DIRECTIONS: Scan the records below for the line with "Garden benches and" and the line with "dining space featuring". Repeat those two lines and every line between them exactly, and nothing else.

[Short text fragments from websites]
━━━━━━━━

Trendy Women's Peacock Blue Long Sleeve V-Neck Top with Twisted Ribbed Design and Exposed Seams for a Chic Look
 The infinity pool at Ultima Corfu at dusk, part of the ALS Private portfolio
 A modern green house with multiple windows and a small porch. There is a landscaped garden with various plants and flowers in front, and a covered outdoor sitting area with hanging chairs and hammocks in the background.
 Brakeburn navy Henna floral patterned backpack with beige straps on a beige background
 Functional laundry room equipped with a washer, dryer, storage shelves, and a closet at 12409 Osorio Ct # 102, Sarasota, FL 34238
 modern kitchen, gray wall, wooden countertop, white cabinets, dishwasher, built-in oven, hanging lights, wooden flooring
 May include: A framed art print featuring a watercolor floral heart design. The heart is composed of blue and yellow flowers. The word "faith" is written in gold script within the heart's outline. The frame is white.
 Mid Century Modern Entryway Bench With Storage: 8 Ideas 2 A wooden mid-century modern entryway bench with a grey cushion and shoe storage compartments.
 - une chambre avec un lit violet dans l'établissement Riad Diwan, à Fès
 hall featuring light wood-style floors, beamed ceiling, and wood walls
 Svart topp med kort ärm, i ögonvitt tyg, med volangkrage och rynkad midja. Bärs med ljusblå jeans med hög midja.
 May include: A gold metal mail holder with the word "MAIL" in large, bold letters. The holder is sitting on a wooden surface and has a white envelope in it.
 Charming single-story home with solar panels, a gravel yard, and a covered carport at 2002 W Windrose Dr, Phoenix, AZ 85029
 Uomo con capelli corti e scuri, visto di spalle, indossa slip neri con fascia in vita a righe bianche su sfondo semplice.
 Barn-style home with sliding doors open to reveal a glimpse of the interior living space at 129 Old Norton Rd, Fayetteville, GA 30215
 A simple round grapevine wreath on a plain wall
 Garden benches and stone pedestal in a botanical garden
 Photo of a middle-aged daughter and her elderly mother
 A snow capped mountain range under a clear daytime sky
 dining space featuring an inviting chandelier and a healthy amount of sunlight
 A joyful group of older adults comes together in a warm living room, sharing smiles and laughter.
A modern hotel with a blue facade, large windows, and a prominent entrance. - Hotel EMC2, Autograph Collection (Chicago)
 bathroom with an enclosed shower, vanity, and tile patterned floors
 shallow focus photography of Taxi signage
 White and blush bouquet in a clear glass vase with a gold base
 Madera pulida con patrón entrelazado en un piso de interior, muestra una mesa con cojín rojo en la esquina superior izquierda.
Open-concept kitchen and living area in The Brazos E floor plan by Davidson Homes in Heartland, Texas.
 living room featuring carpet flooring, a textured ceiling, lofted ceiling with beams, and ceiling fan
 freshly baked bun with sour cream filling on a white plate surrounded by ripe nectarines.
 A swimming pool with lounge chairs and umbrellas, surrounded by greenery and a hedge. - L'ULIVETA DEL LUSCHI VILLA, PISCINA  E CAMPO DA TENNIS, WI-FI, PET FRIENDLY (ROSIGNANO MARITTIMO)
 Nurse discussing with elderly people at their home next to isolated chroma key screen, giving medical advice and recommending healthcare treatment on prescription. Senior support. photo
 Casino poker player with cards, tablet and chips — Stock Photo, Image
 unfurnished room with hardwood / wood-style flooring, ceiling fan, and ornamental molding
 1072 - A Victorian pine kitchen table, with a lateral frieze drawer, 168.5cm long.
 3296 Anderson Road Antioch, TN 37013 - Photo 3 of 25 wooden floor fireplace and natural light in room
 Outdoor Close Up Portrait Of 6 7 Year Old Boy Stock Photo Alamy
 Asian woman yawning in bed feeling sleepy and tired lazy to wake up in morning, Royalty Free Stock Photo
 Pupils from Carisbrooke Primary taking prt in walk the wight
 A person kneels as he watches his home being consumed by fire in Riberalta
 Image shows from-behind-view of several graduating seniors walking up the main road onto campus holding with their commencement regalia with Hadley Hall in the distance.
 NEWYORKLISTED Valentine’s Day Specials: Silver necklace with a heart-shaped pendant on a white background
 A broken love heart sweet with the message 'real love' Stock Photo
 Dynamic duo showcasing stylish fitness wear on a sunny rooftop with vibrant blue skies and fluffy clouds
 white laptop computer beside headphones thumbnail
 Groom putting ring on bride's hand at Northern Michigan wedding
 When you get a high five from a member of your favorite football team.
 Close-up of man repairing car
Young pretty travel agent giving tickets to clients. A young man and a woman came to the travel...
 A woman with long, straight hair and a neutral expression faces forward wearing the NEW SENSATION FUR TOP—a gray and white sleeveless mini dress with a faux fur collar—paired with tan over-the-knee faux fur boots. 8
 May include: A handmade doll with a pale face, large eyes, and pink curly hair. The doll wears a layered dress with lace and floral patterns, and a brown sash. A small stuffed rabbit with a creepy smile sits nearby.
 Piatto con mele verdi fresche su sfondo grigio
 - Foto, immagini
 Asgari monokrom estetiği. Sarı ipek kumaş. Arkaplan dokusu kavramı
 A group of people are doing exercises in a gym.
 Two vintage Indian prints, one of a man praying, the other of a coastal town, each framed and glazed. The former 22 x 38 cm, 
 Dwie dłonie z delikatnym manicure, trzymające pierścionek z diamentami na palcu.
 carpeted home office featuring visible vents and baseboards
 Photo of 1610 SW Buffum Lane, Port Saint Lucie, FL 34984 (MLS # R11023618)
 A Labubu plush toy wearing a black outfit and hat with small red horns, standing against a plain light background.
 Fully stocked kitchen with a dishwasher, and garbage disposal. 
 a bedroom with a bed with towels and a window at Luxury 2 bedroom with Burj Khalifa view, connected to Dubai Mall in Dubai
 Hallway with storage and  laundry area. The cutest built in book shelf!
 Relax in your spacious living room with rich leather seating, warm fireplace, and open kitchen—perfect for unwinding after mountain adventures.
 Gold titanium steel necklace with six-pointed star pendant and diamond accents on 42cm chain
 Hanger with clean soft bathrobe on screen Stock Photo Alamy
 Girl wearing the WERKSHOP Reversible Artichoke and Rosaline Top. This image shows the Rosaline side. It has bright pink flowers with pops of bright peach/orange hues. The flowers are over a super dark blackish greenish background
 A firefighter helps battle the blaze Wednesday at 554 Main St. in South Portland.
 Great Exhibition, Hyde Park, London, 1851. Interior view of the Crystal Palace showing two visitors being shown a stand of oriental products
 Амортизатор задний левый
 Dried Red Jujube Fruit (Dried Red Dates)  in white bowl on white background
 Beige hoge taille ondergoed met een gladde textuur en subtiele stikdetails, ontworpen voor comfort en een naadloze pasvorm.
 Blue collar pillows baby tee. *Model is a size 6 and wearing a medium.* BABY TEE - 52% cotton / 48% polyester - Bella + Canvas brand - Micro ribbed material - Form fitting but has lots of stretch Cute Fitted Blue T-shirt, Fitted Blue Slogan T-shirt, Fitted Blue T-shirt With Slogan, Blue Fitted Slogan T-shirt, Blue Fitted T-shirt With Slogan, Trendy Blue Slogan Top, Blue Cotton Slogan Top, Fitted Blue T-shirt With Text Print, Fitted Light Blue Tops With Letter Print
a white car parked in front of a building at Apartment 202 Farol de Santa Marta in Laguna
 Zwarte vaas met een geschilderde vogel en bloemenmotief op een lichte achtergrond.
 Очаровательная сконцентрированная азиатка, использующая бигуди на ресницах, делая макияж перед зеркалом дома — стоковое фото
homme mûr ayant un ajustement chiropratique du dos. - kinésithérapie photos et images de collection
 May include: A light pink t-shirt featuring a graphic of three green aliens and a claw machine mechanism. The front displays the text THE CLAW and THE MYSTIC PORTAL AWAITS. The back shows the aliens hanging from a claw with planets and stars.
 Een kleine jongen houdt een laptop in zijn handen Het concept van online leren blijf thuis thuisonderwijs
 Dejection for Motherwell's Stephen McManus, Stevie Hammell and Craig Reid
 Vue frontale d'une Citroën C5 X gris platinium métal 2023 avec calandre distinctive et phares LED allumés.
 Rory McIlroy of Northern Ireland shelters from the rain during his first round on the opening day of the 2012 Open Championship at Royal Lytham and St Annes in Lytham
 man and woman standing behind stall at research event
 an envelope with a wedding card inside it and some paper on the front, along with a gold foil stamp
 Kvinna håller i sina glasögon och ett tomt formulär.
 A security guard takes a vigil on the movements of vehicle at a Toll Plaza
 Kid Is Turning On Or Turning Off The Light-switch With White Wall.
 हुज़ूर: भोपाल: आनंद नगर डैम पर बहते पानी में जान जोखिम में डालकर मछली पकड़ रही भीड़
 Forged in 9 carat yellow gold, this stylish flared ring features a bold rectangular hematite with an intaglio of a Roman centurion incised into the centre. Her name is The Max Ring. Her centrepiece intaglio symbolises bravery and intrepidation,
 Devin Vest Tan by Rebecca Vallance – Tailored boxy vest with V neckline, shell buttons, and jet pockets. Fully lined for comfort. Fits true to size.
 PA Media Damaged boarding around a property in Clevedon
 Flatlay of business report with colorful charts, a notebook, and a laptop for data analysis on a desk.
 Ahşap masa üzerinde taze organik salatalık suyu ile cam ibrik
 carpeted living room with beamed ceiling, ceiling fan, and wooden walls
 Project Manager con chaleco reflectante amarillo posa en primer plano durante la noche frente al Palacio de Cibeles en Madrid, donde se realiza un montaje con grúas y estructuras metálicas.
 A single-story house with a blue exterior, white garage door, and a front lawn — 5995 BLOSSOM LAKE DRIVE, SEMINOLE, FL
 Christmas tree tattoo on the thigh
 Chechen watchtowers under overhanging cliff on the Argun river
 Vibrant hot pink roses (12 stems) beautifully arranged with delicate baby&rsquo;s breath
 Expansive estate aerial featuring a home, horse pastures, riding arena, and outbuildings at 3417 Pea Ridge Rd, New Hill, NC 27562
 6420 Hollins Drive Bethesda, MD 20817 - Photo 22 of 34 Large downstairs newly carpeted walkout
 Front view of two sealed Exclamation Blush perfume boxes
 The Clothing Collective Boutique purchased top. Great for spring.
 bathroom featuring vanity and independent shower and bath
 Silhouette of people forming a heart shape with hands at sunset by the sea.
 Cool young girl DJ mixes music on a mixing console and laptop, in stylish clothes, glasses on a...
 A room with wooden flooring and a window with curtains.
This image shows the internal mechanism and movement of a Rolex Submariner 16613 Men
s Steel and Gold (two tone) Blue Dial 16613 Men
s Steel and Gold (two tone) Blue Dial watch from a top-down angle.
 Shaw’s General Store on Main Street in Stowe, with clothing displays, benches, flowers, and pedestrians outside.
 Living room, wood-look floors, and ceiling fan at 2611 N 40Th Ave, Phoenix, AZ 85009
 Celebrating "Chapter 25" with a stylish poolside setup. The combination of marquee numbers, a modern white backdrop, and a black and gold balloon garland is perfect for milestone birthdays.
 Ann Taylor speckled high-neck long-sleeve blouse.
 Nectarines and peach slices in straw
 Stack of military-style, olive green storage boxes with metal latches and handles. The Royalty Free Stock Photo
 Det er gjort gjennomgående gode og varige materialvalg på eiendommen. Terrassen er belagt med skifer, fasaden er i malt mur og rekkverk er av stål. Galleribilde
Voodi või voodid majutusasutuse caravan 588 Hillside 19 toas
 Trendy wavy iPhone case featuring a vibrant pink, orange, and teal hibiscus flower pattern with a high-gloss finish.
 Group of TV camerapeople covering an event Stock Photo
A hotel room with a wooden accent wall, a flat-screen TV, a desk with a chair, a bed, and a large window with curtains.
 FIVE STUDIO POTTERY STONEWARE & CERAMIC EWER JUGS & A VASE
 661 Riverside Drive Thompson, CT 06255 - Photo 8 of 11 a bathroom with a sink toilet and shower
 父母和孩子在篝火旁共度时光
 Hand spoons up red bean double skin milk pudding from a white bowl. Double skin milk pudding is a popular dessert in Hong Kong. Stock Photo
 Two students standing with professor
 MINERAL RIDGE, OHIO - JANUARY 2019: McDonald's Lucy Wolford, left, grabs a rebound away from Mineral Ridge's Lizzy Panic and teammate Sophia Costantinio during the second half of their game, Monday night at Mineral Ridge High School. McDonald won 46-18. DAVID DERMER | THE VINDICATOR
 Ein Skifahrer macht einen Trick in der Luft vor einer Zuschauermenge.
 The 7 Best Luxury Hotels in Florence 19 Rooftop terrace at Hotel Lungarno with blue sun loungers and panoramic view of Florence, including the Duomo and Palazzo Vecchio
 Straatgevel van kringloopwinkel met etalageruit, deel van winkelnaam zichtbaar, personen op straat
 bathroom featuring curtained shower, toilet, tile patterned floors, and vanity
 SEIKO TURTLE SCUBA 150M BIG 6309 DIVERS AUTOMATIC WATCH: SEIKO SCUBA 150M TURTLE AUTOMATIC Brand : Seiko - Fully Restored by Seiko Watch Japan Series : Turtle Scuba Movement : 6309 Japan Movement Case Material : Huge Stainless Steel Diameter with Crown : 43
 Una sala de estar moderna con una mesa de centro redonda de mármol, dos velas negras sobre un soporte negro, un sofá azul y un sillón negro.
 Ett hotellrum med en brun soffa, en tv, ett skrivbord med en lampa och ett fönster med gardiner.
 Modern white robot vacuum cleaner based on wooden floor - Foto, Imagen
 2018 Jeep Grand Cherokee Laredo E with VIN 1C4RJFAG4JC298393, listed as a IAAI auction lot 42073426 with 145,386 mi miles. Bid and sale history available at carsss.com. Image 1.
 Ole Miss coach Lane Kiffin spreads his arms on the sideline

━━━━━━━━

TASK ANSWER:
 Garden benches and stone pedestal in a botanical garden
 Photo of a middle-aged daughter and her elderly mother
 A snow capped mountain range under a clear daytime sky
 dining space featuring an inviting chandelier and a healthy amount of sunlight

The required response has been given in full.